In fact, he even had his lunch on the bog, such was my determination to see some sort of result.


In the end it was worth the wait, when he peed for England and Northern Ireland combined.


Thankfully I was at work today when he shit his pants for the first time.

Sunday, 27 March 2011

Snapshots of Yorkshire life


Just days after moving from London to Yorkshire in the autumn of 2003, I remember taking part in a 10k race which involved running up hills.

At the top of one such hill, I literally bumped into some sheep. And I thought to myself, "what the f*** am I doing here?!"
Life has moved on a lot since then - including the remnants of my social existence.
For example, last evening was spent in Clifton Village Hall near Otley - pictured above (and yes, I also initially thought it was a mobile classroom).
And inside, surrounded by family members and friends...


....including kiddies...
...we did Yorkshire stuff.
No laughing at the back.
Needless to say, that prize dope Dagenham Dave was present - that's him on the left.
And equally needless to say, he set off one of his never-ending supply of Chinese lanterns.
But dim Dave forgot about the 100 foot tree immediately ahead.

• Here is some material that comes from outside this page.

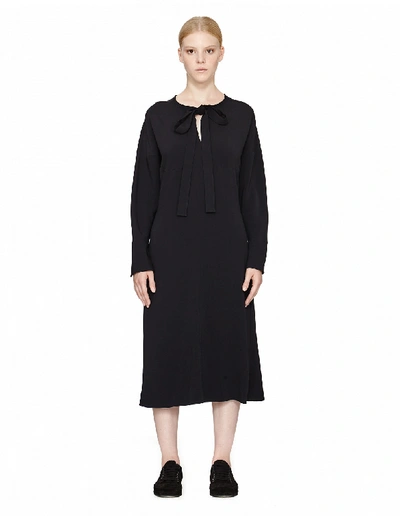 Shop Marni Bow-tie Midi Dress In Black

You can only see a red spot in the pic above, because the flash on my camera isn't powerful enough to illuminate a 100 foot tree from 200 metres.

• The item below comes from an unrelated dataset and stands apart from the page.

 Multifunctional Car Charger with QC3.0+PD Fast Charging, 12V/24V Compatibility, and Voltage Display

However, for around five minutes, the assembled guests watched as the tree threatened to burn down - and take Clifton Village and its people with it.

Eee, Yorkshire.

UPDATE: A "rival" report from one of life's great men (and pianists), Sir Malcolm Bentley.       

Saturday, 26 March 2011

Who he?


As I write, the England cricket team are less than a quarter of an hour away from their World Cup quarter final with Sri Lanka. 

And, as all cricket lovers will be very well aware, each game begins with the toss.

Above you can see the scene in Colombo just a few minutes ago.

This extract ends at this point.